Such charity has gone a long way to raise doubts about the way the government likes to portray the Brotherhood - radical extremists bent on destruction. The image is used both at home and abroad to justify some of the nation's more restrictive policies.

But publisher Kassem wonders, for all its persistence, how influential the Brotherhood really is.

"When you look at them organizationally, the Brotherhood do not exceed 100,000. In a country of 80 million, this is not really a grass roots movement," he said. "It's just the only movement that is allowed on the street. People seem to forget that the Brotherhood have been trying to get to power for almost 82 years now. It's not a very impressive C.V. as a political entity."

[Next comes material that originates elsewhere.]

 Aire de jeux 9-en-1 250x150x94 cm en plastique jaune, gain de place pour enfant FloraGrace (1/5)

Frustration with the apparent lack of success is seen in increasingly outspoken younger members of the group, who have broken ranks in recent months over such issues as the boycott and other strategies.

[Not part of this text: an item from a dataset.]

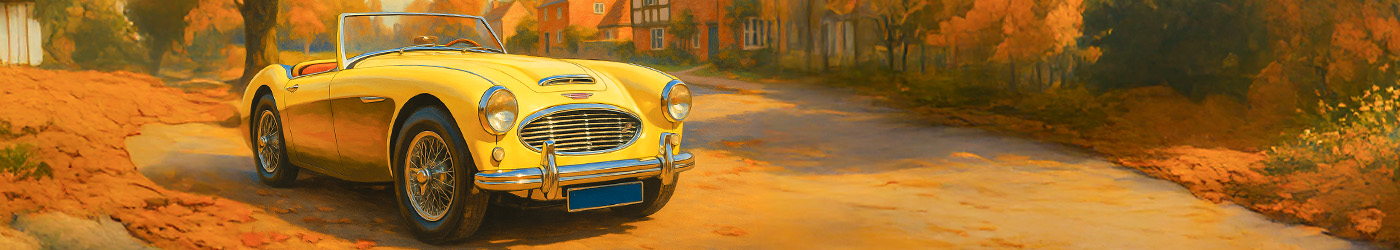 Illustration of yellow Austin Healey 3000 BN7 two-seater roadster on an autumn village lane.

Eryan takes the long view, noting that a succession of Egyptian leaders, including one-time ally and nationalist hero Gamal Abdel Nasser, have tried to keep the group down.

"We are not urgent. We are living. We are going to struggle more, sacrifice more, because we believe in such long life we accumulate points, maybe small points," he said. "But as a whole now, they cannot eradicate us. Nasser and Nasserism, and even Socialism and Communism, is something of history."

The Muslim Brotherhood leader says his group is not only in the present, "we are also in the future."